There was no official word on a motive last night, but neighbors said the small army of police officers that swarmed their block yesterday told them that Green was targeted - allegedly for being a high-level distributor in a drug-trafficking ring.

Court records show that Green appeared at a drug forfeiture hearing in August 2011 and that he was arrested in May of the same year for drug manufacturing, delivery or possession with intent to deliver - but the charge was withdrawn in October that year.

All Natalie, a neighbor on the block who wished to only be identified by her first name, knows is what she saw. And, since she lives kitty-corner to Green's house, that was quite a lot.

After a gunshot woke her early yesterday, she rushed outside in time to see a blood-covered Green stumble across the street, screaming for help. He collapsed onto the porch of the house across from hers, where blood still marked the pavement last night.

"It's unbelievable," she said. "You hear about this on the news all the time, but it's another thing entirely to see it in real life."

Natalie, who was the first to notify police of the shooting, said she didn't know Green or his live-in girlfriend - whom she said was distraught and "beside herself" in the street yesterday after police arrived - very well. The couple moved into the property about a year ago and generally kept to themselves, she said.

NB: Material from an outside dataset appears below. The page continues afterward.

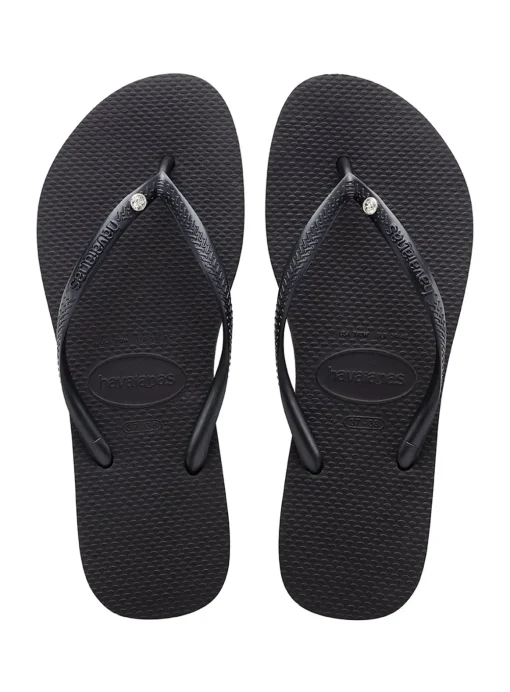 HAVAIANAS Slim Crystal Sw Ii Flip Flops Black 35/36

"I don't know how to react. I'm still trying to take this all in," she said. "How can you feel safe when something like this happens across the street?"

But Michelle, who lives two doors down from Natalie and also declined to provide her last name, said her attitude toward the neighborhood hasn't changed.

"It seems to me like this guy brought it upon himself," she said. "When you get involved in these kind of things, this is bound to happen.

"The rest of us are safe, law-abiding families," she added. "We have nothing to worry about."